Özge Özsağman: Parti içi tutumdan kaynaklandığını söylediniz.... (Hat kesintisi sesi) Sayın Kaleli hattan düştü...
GÜRHAN AKDOĞAN YAYINA YENİDEN BAĞLANDI...
'DİSİPLİNSİZ DEMEK, BANA ÇOK CİDDİ BİR HAKSIZLIK'
Özge Özsağman: Şu anda Gürhan Bey yeniden hattımızda. Biraz önce Sena Kaleli Atatürçülük'ten değil, parti içi disiplinsizliğinizden ötürü bu kararın alındığını aktardı, neler söyleyeceksiniz?
Gürhan Akdoğan: Genel Başkan Yardımcısı'yla böyle televizyonda böyle karşılıklı olarak atışma durumuna düşmek istemezdim ama çok ciddi bir cevap hakkı doğdu.

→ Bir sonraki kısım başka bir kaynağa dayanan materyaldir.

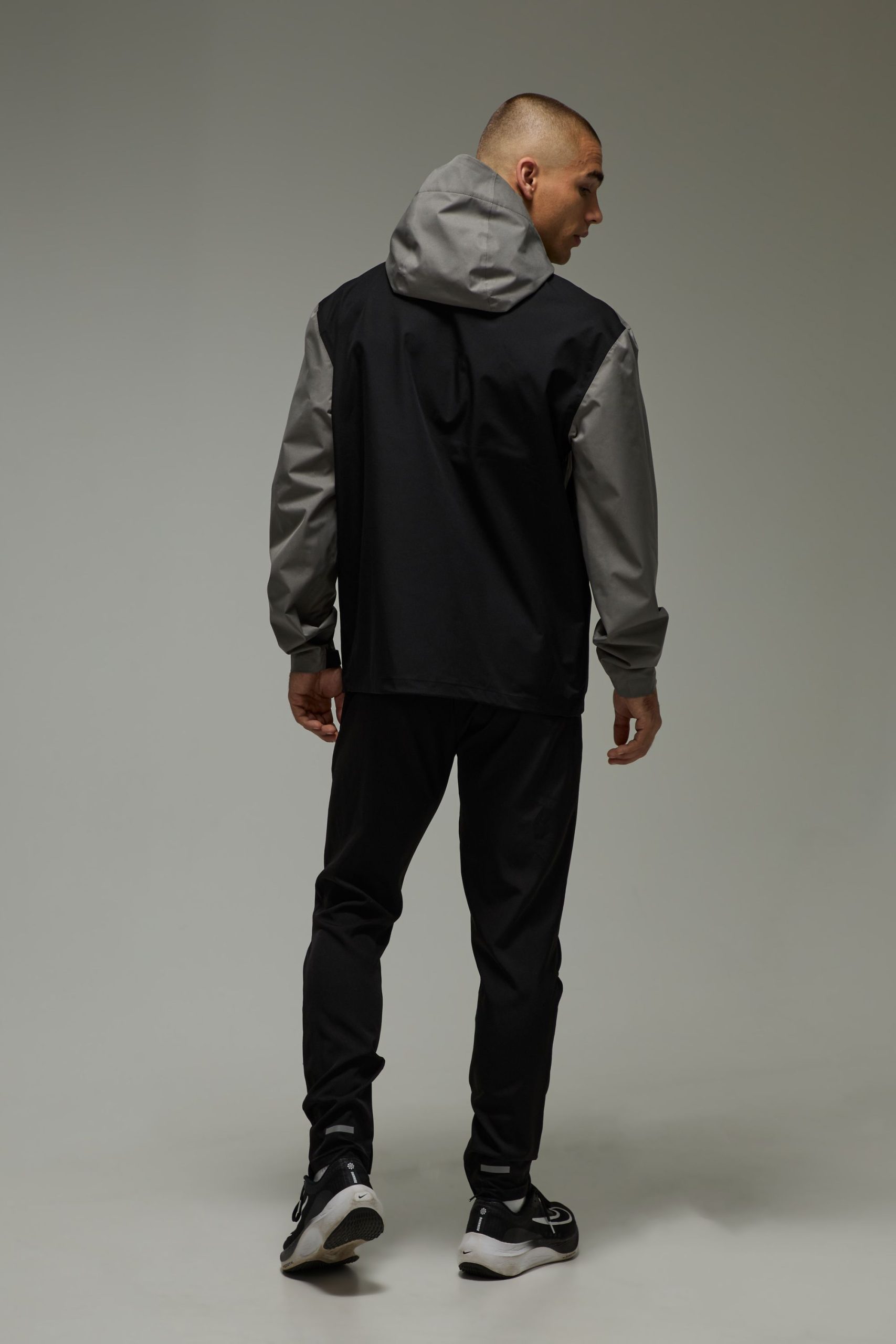 Man Active Colour Block Waterproof Regular Fit Jacket - Image 2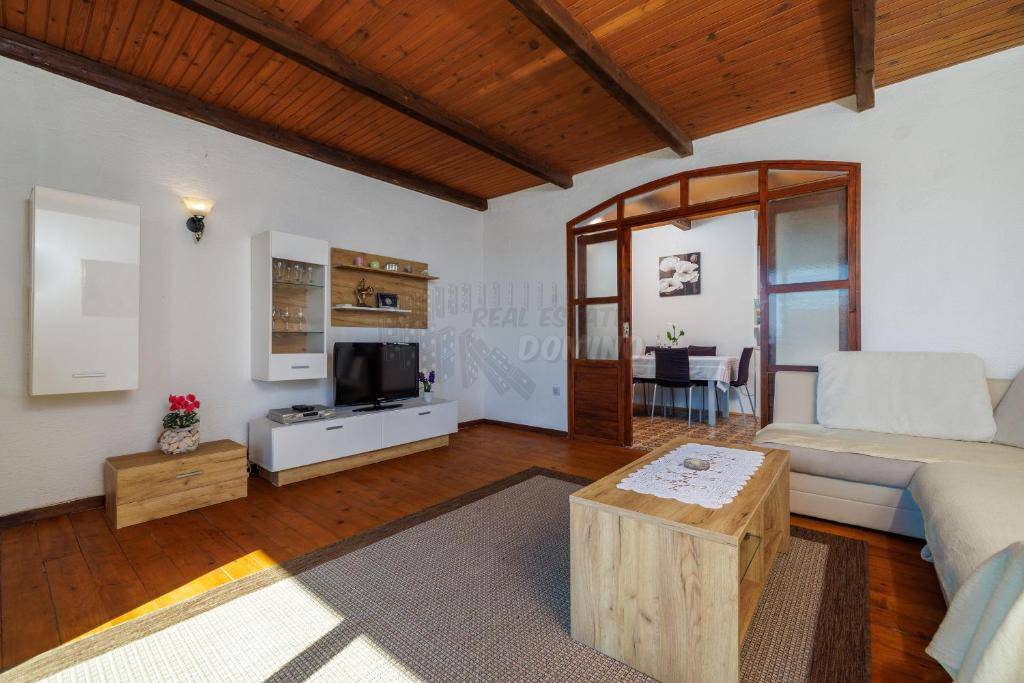 Dve hiši z bazenom in savno! Punat, otok Krk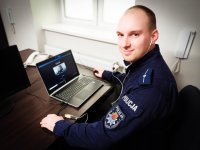mł.asp. Adam Strzodka podczas prowadzenia zajęć profilaktycznych online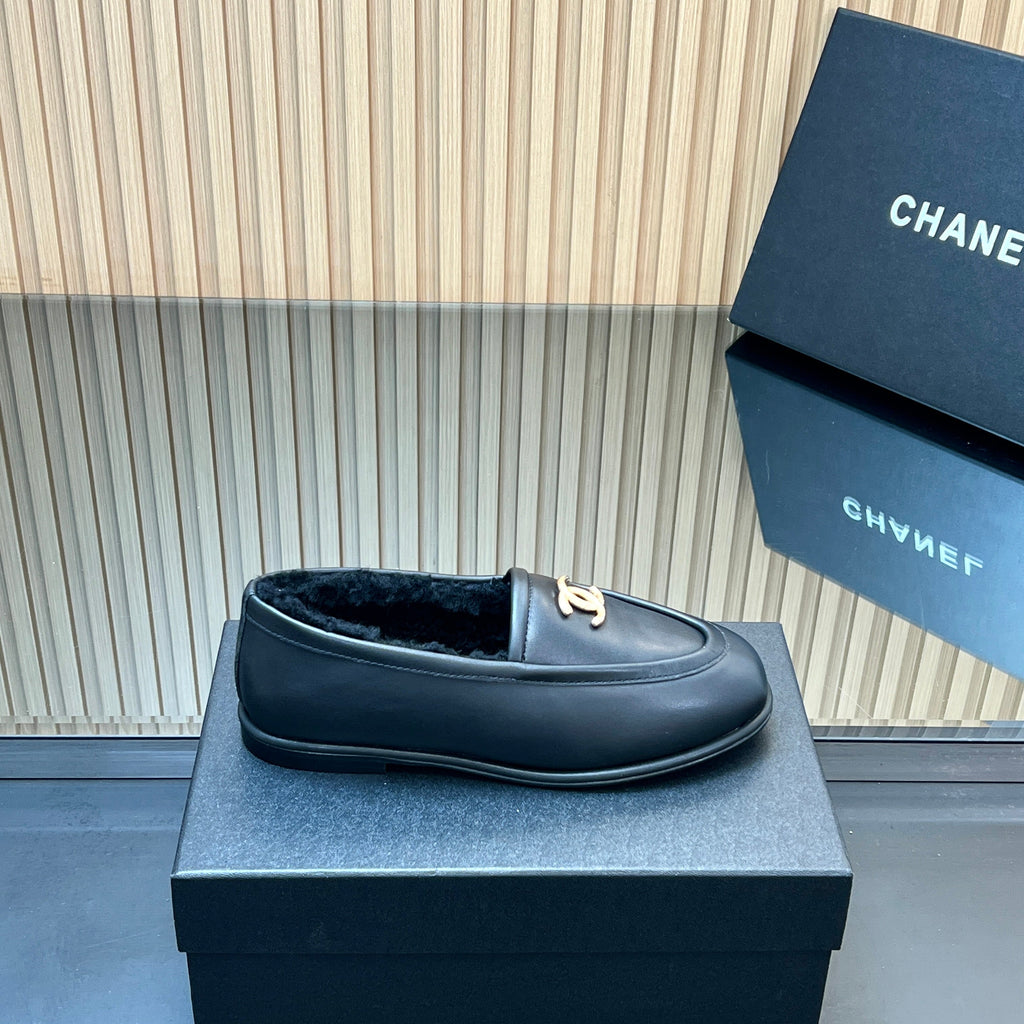 CHANEL 25S MARY JANE BALLET FLATS IN BLACK CALFSKIN AND SOLF FLEECE LINING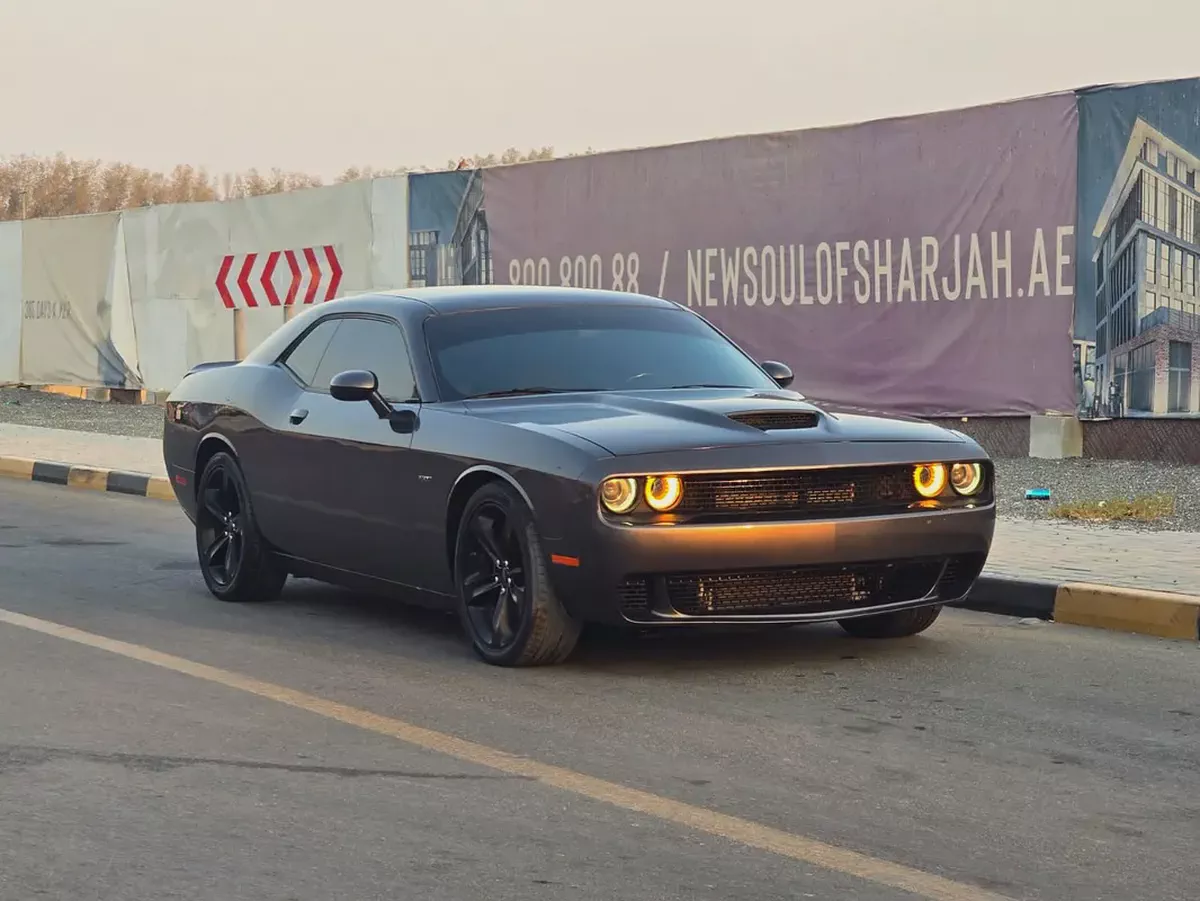 دودج تشالنجر R/T V8 2029 مواصفات أمريكية بحالة جيدة-2-2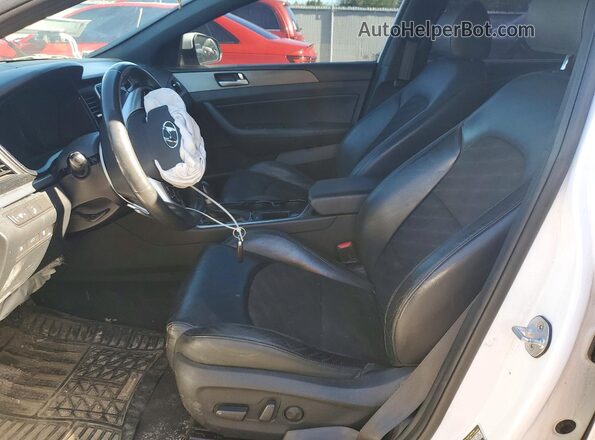 5NPE34AF7KH803921 2019 HYUNDAI SONATA White Front interior view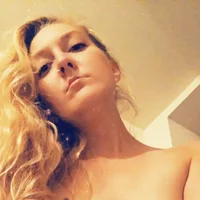 lulufoxfot's Profile Pic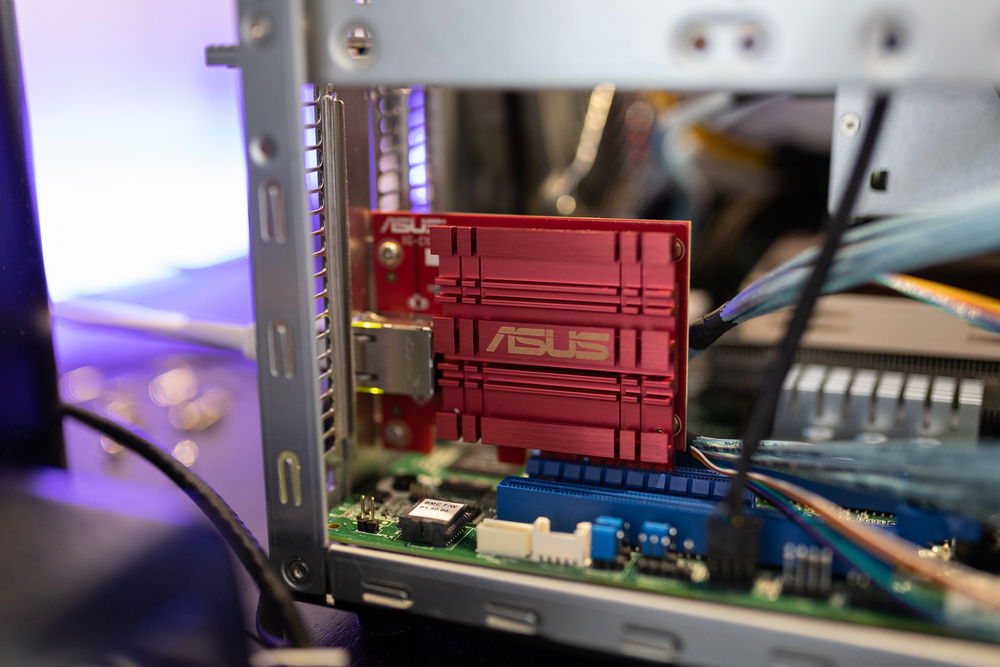 10GbE network card with direct connection to my main PC. The rest of the network runs on 1GbE, so I don't need a 10GbE switch.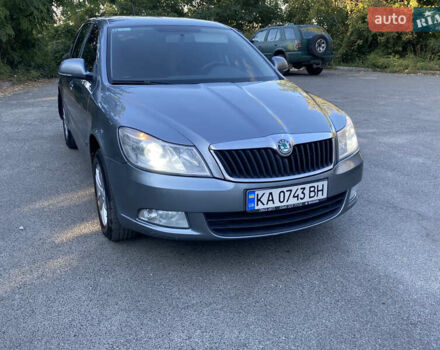 Шкода Октавія 2012 у Києві на Automoto.ua Сірий Шкода Октавія, об'ємом двигуна 1.8 л та пробігом 196 тис. км за 8000 $, фото 6 на Automoto.ua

Bir kere çok önemli bir haksızlık bana karşı. Özellikle Kalder ve meslek odalarında, Makine Mühendisleri Odası'nda 30 yıldır yöneticilik yapan, öğrenci hareketi içinden gelen bir insana "disiplinsiz" demek çok ciddi haksızlık.
'BURSA BASININDA CHP'Yİ REZİL ETMİŞSİNİZ, DOĞRU MU?'
Rasim Ozan Kütahyalı: Bir de Gürhan Bey, yalnış tutum ve tavır içendeymişsiniz, Bursa basınında CHP'yi rezil etmişsiniz. Biraz da bunları ima etti. Bunlar gerçek mi?
Gürhan Akdoğan: Eyvah eyvah... Yani bunu ben Bursa kamuoyunun takdirine bırakıyorum, sizi çok izleyen var. Onlarca telefon aldım. Gerçekten kabul edilebilir şeyler değil. CHP adına bizim neler yaptığımızı Bursa'da herkes biliyor. Sayın Genel Başkan Yardımcısı keşke bunları televizyon ekranlarından değil de bir yazılı metinle bana iletseydi de somut olarak bunlara cevap verebilseydim ben... Bir haksızlık yani...
Özge Özsağman: Peki, yine nezaketini koruyor Gürhan Akdoğan. Çok teşekkür ediyoruz...
'KALELİ BİLMEDİĞİNİ KANITLADI'
Rasim Ozan Kütahyalı: Bence yarım kaldı. Bence Sena Kaleli'nin de hakkını hukukunu korumamız gerekiyor.
Özge Özsağman: Sena Kaleli şu anda hattımızda, ama not bırakmış. Görevli arkadaşımıza "daha fazla polemiğe girmek istemiyorum" demiş
Rasim Ozan Kütahyalı: Demek ki Sena Kaleli korktu. Parti Tüzüğü'nün 1. maddesini bilmediğini kanıtladı.